Stored data:
+ + +
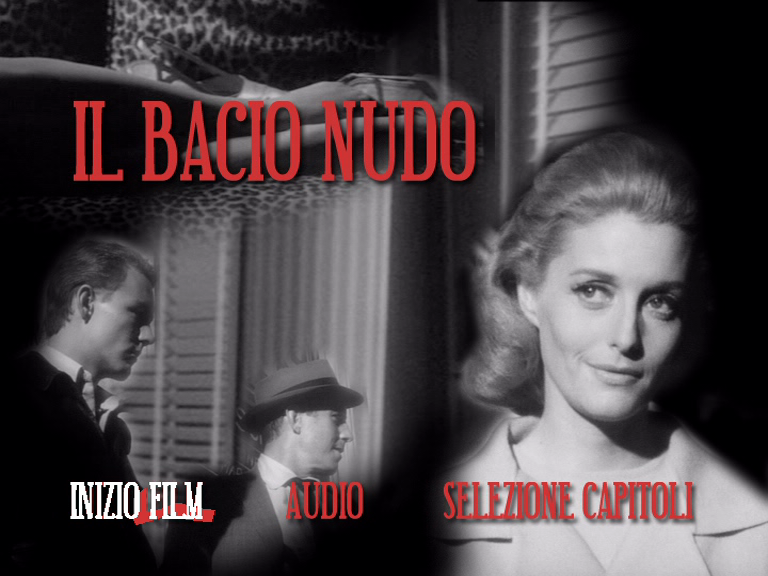 vlcsnap-2016-12-14-01h41m21s80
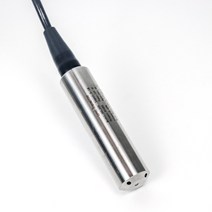 수위 센서 수압 잠수정 4150m rs485 316l, 4.44m cable rs485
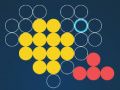 Logħba Palazz tal-Puzzli onlajn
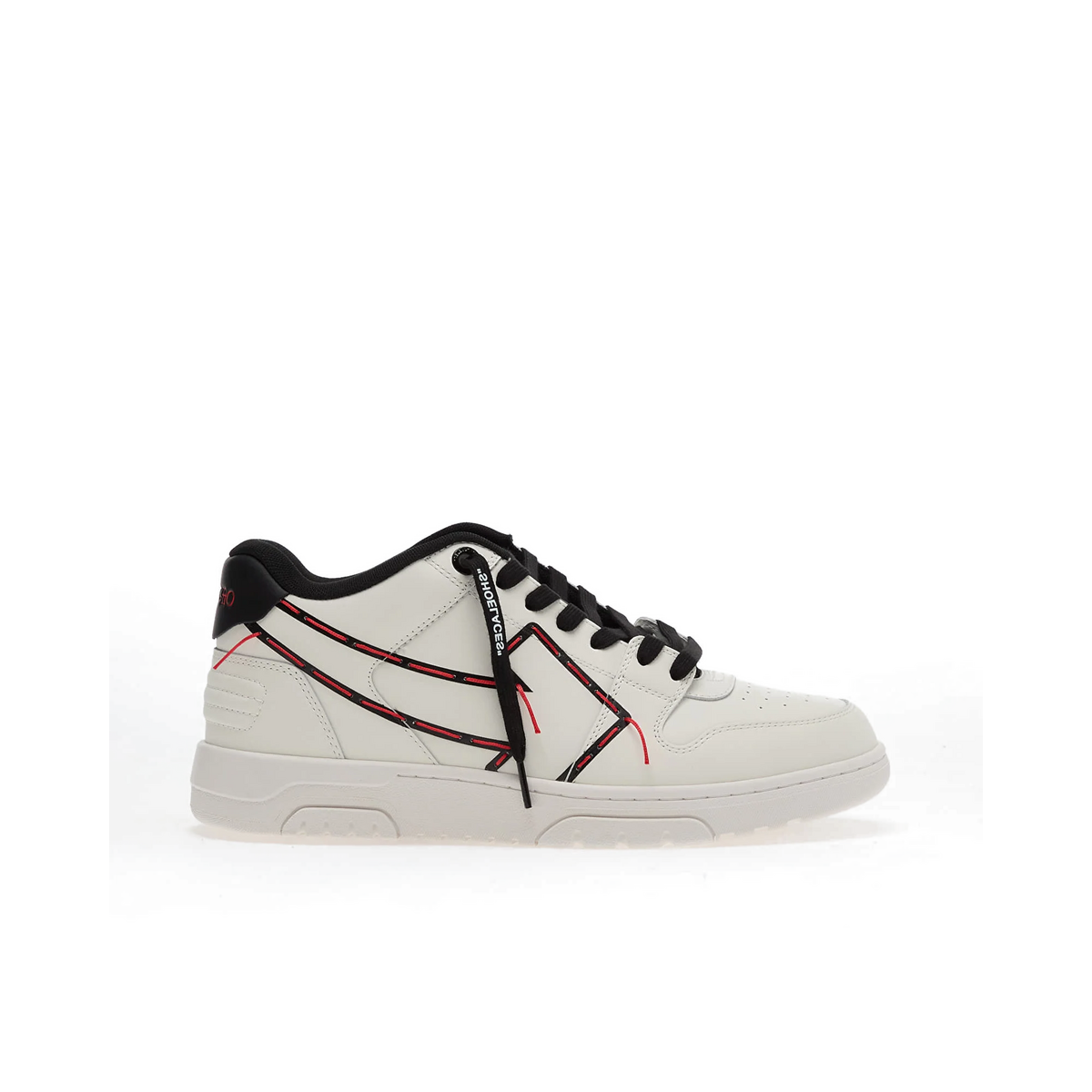 off-white-ooo-printed-stitched-arrow-whiteblack-omia189f25lea00d0110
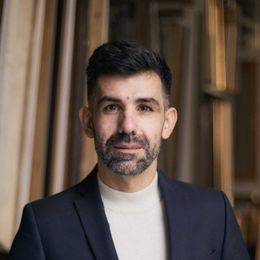 Пламен Петров: Този свят не е за самотници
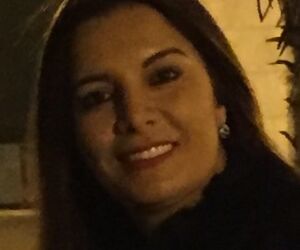 Madiha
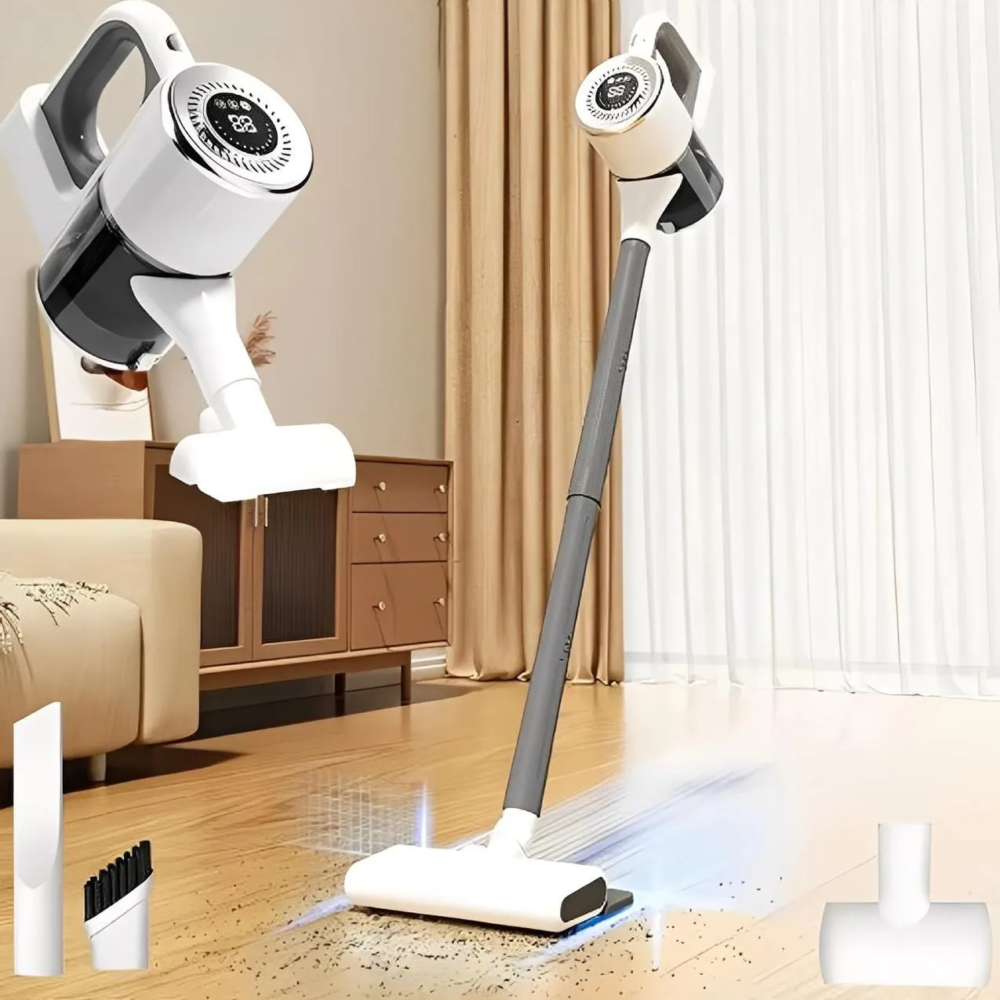 kf-S56a4e8f5f59a47bfa239c2ec433465daI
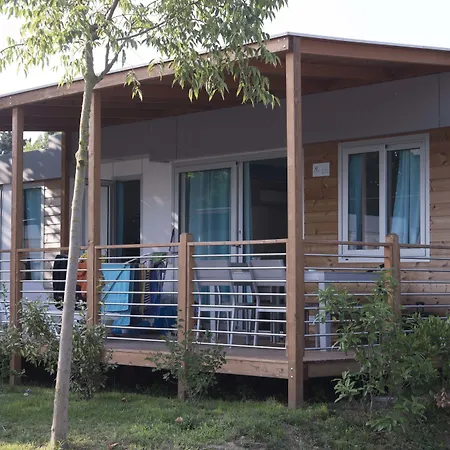 Piani Di Clodia Holidaypark-2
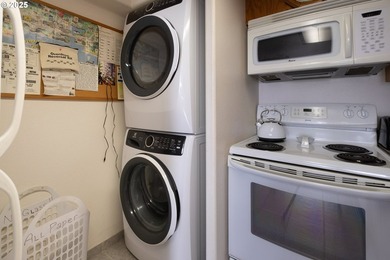 Exciting & constantly changing ocean views from this successful - photo 40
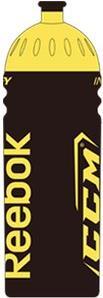 Actual product image IH CCM - Reebok drinking bottle (0.70 l)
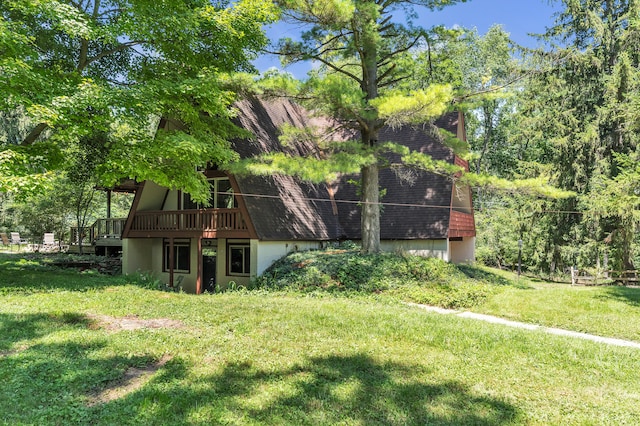 2160 E Delhi Rd, Ann Arbor, MI 48103 - photo 4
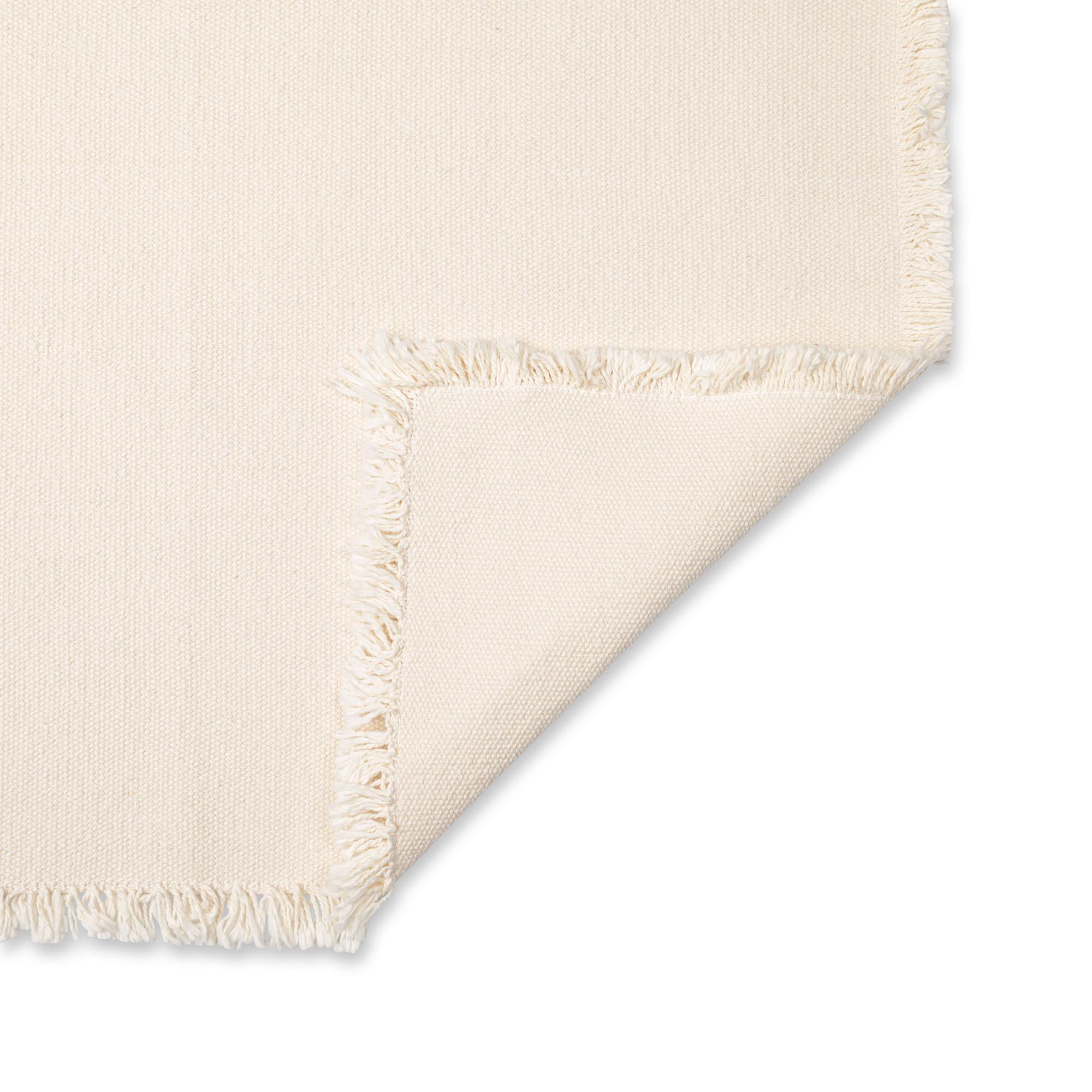 Manor Tovaglietta, 2 pezzi Cottage 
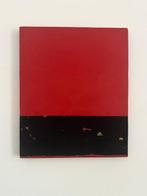 Horst Lerche (1938-2017) - Ohne Titel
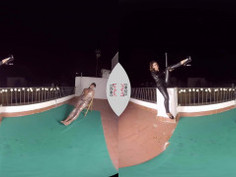 VirtualTaboo - Catex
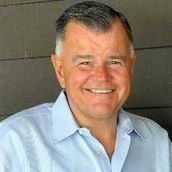 David Thompson's profile image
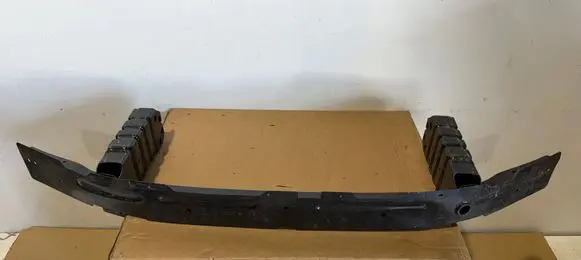 BMW i4 Front bumper cross member 8738936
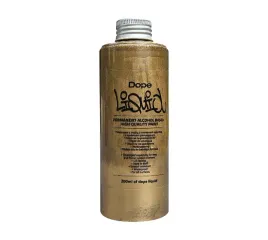 farba-alkoholowa-gold-dope-liquid-200ml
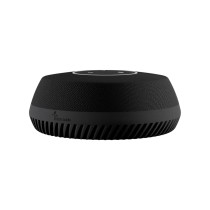 Kopfhörer Shure TABLE1 Schwarz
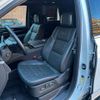 cadillac escalade 2022 -GM--Cadillac Escalade 7BA-T1UL--1GYS47KL5NR265216---GM--Cadillac Escalade 7BA-T1UL--1GYS47KL5NR265216- image 9
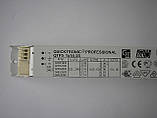 Баласт електронний OSRAM QT-FIT5 1x14/21/28/35, фото 3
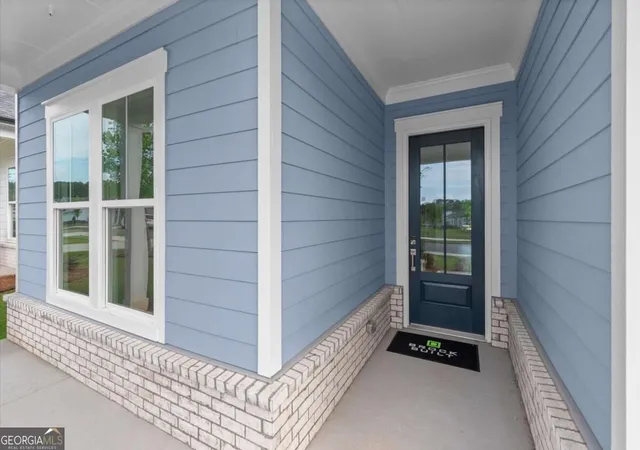 Photo 4 of Single family home for sale at 484 Fescue Ct NW, Kennesaw, GA 30144 | MLS# 10845548 | Listing updated on 2026-10-09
+ + +
TASK STATEMENT: Would you print, exactly as they appear, the lines from the line with "VirtualTaboo - Catex" through the end of the entries above, leaving out the pictures?

YOUR SOLUTION:
 VirtualTaboo - Catex
 David Thompson's profile image
 BMW i4 Front bumper cross member 8738936
 farba-alkoholowa-gold-dope-liquid-200ml
 Kopfhörer Shure TABLE1 Schwarz
 cadillac escalade 2022 -GM--Cadillac Escalade 7BA-T1UL--1GYS47KL5NR265216---GM--Cadillac Escalade 7BA-T1UL--1GYS47KL5NR265216- image 9
 Баласт електронний OSRAM QT-FIT5 1x14/21/28/35, фото 3
 Photo 4 of Single family home for sale at 484 Fescue Ct NW, Kennesaw, GA 30144 | MLS# 10845548 | Listing updated on 2026-10-09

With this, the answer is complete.